§ **Input for this task**:
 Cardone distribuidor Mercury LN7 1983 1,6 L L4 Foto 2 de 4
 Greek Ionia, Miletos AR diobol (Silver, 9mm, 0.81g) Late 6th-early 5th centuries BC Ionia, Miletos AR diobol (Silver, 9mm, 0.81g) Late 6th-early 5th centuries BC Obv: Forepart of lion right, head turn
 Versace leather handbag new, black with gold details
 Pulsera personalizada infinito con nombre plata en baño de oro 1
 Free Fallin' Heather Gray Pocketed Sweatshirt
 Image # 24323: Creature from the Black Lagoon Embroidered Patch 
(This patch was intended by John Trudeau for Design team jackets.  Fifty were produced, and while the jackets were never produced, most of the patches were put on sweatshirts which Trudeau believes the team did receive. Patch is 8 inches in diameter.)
--
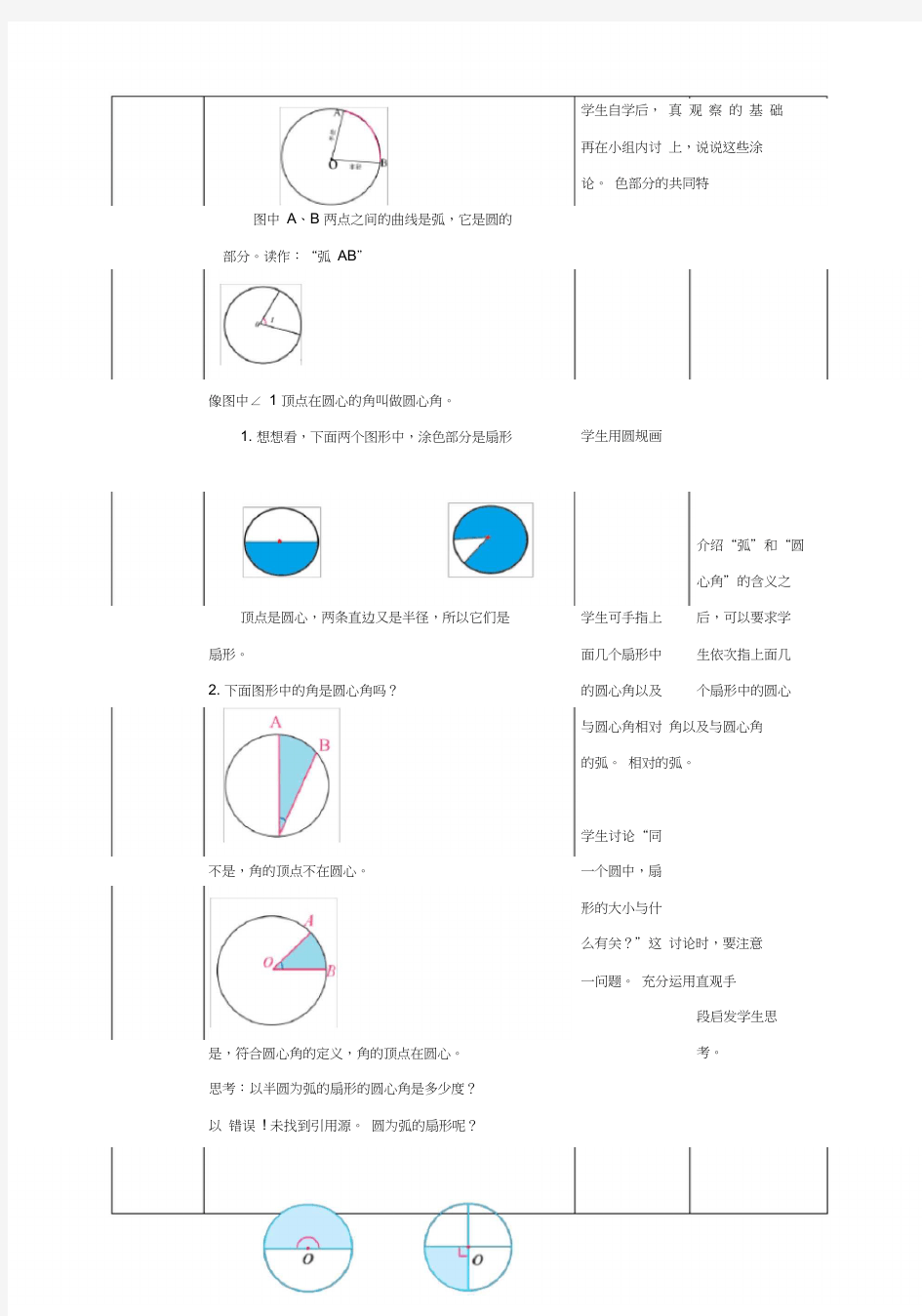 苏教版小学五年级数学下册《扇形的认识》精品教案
==
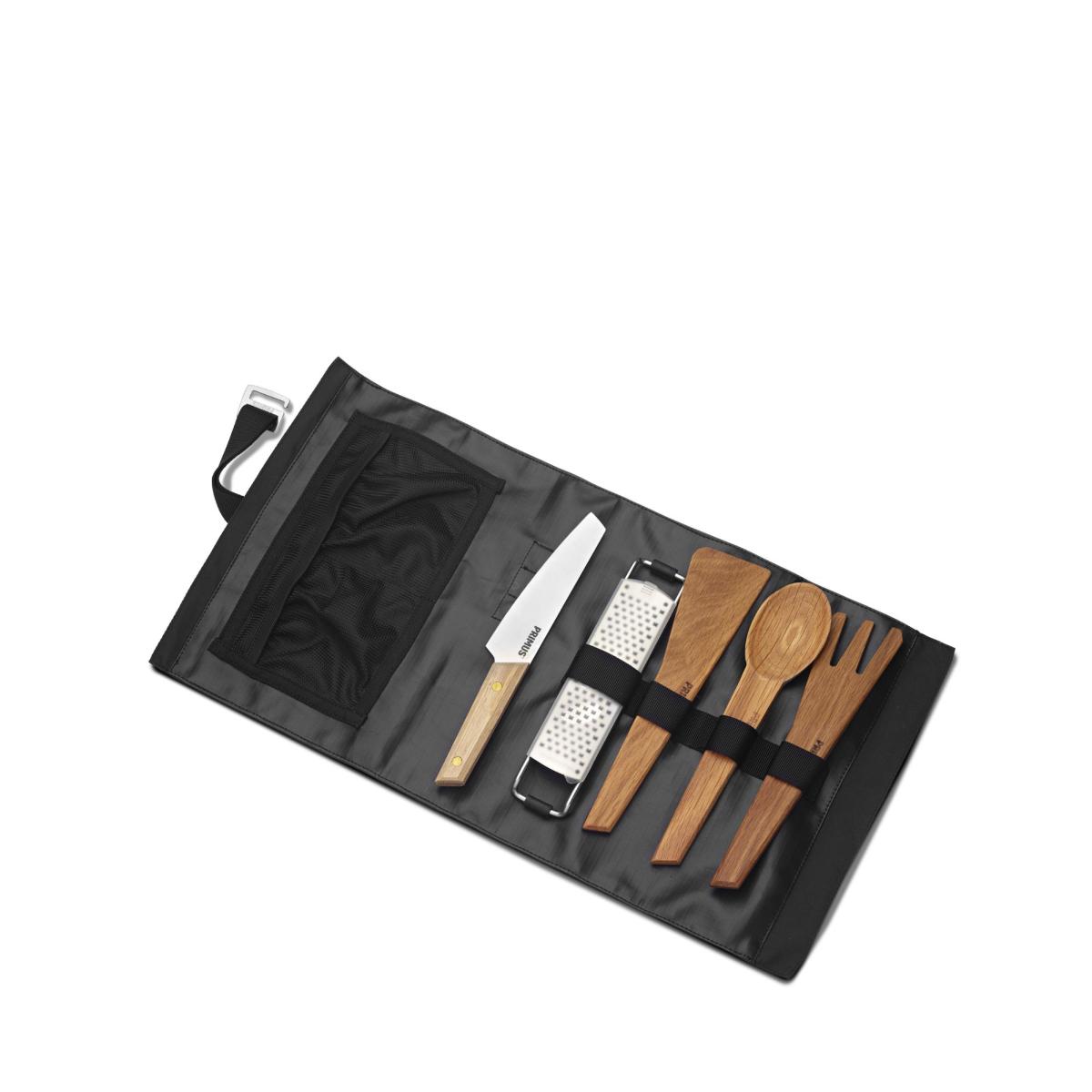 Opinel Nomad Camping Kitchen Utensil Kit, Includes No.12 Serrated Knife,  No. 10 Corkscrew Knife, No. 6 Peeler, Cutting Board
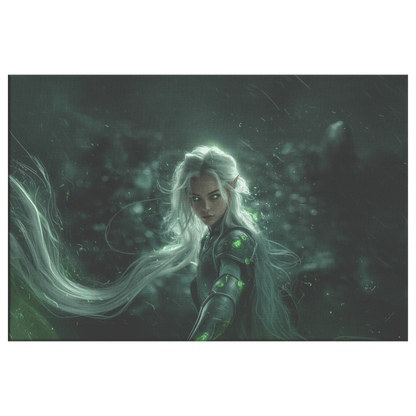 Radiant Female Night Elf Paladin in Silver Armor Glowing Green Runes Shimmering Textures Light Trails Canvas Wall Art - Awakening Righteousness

§ **Exercise**: Please give an exact copy of the lines above, beginning with the line containing "Versace leather handbag" and running through the line containing "(This patch was", and of no other lines.

§ **Final answer**:
 Versace leather handbag new, black with gold details
 Pulsera personalizada infinito con nombre plata en baño de oro 1
 Free Fallin' Heather Gray Pocketed Sweatshirt
 Image # 24323: Creature from the Black Lagoon Embroidered Patch 
(This patch was intended by John Trudeau for Design team jackets.  Fifty were produced, and while the jackets were never produced, most of the patches were put on sweatshirts which Trudeau believes the team did receive. Patch is 8 inches in diameter.)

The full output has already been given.